Partway through, you are gifted with magic potions that open your options even more. One potion turns you temporarily into a woman, while the other potion turns you temporarily into a monster appropriate for the situation. These expand the kind of scenarios even further with some gender bending and monstrous fantasies.

A key portion to this series is the humor. The hero is aided by a mysterious crone who heckles the hero without mercy. The monster girls also get in their digs as well. For a guy who bangs his way through a tower full of monsters, there is a lot of jokes to break up the sex.

This is a fun series and at five parts, it doesn’t overstay it’s welcome. You can buy it on Amazon.

Nov 302020
Don’t have a stock image of martial arts nuns? Just use closeups of a vaguely Asian face.

Kung-Fu Nuns by China Blue, is an erotic comedy set in Vietnam. The titular nuns don’t get mentioned until the halfway point, and only make an appearance at three-fourths of the way through the book. It is a sad case of a misleading title.

Fortunately, the book is pretty good. It centers around the incompetent Kee family, the worse gangster family in all of Vietnam. The Kee are terrible crooks who spend most of their time threatening to drown each other in pig shit. The patriarch of this family is Djung Pau, an 82 year old asshole that is not dying fast enough for ambitious members of Kee family.

To speed things along, some family members purchase a half-Caucasian virgin, Eugenia, from her gambler father and give the woman to Djung Pau in the hopes that he will die having sex with her. Instead of dying, the patriarch finds himself revived and enjoying life again. He starts doing crazy things like fucking his new woman in the dining room and asking to see the accounting books.

The family reacts with other assassination plots. The patriarch wants to impregnate his new woman but worries his seed is too old. To fix this, he turns to one of the few trustworthy Kee, Uncle Ma, to seek out a legendary order of sex monks who can cure any sex problem. Wackiness ensues.

This is an odd book. Most porn would center Eugenia as the main character, and this book does that for the beginning and the end, but the bulk of the book is about Uncle Ma. We see Uncle Ma enjoy various sexual bribes and sex tourism as he seeks out the sex monks. There are a few side plots involving other members of the Kee family. The sex monks themselves are interesting, but we barely get their point of view at all.

This book is from Masquerade, one of the more interesting erotic publishers. 95% of their books are standard formulaic porn novels and then they put out a weird book like this that feels like someone’s passion project. This book is funny, and a lot of care was taken to give every single sexual term a new name like Joy Stick for dicks and Golden Orbs for balls. I enjoyed my time with the Kee family and their stupidity and greed will stick with me for years.
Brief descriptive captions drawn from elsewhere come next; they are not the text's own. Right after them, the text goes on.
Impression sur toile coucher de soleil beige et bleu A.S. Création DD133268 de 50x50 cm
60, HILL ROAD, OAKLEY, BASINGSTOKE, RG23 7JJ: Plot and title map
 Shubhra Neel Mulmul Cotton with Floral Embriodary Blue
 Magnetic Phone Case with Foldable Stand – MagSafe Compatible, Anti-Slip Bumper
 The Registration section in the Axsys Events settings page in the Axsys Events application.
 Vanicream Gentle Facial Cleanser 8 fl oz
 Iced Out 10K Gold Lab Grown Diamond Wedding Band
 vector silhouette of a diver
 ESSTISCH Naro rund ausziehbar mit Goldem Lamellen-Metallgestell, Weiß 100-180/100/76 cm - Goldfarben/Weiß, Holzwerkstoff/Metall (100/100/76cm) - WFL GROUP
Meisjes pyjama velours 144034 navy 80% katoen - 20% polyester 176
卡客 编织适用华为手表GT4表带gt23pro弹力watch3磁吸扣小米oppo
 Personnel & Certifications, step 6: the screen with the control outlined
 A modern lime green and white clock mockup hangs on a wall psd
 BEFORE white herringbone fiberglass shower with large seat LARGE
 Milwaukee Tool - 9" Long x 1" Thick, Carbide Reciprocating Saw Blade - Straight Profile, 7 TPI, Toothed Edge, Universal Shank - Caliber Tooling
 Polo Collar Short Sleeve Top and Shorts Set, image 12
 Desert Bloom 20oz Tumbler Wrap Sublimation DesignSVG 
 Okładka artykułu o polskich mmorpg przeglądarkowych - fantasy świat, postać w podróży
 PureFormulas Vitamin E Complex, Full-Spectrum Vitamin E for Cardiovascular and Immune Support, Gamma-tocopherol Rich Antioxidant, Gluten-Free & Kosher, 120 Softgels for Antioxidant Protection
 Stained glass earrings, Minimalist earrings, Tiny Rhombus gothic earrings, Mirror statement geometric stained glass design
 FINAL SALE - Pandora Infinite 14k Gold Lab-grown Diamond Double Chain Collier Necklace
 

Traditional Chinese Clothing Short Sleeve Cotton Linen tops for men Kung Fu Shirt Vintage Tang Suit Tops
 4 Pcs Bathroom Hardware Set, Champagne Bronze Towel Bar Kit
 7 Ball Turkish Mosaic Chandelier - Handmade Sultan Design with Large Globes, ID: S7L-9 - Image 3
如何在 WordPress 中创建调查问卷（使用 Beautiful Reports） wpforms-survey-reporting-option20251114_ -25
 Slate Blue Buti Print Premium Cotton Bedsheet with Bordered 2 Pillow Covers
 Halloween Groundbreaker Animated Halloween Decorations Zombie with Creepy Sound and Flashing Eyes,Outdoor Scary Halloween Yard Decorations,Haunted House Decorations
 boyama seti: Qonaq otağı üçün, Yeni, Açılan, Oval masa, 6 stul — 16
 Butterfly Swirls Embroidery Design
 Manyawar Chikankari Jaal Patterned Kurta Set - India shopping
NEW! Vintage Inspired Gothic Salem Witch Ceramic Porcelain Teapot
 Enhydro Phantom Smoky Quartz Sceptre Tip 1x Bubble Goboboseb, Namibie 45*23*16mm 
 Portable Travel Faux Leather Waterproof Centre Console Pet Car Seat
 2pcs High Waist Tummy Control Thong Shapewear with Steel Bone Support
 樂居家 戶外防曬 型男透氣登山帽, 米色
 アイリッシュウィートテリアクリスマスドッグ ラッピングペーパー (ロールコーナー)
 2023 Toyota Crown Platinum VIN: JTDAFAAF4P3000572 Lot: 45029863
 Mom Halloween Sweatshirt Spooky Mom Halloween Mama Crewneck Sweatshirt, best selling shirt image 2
Now I need to find a book about Kung-fu Nuns.

Nov 162020

The United States of Arugula: How We Became a Gourmet Nation by David Kamp is a 2006 book about American eating habits. In particular, how we went from a dull meat and potatoes country that valued TV dinners over cooking, to a society that eats sushi, organic meats and arugula. It places the credit at the feet of chefs and the food celebrities in a book that is remarkably breezy for such a big topic.

Kamp starts with the big three, Julia Child, James Beard and food critic Craig Clairborne. He details how these three dropped into the culinary scene with a splash that was powered primarily by newspaper articles and cookbooks. From these three he moves on to Alice Waters and the organic movement in California, and then onto other celebrity chefs like Wolfgang Puck. He details the challenges people had about cuisine and the massive force of will it took to get farms and growers to create the produce and meats we take for granted today. It is a fascinating story.

I had a lot of fun reading this book. It is a gossipy affair, detailing the rise of cooking cultural icons with plenty of snark and backhanded compliments from friends and foes alike. Every other page has a great story that says so much about the large personalities involve. I lost track of how many times I would seek out my wife and read her a passage because it was too funny not to share.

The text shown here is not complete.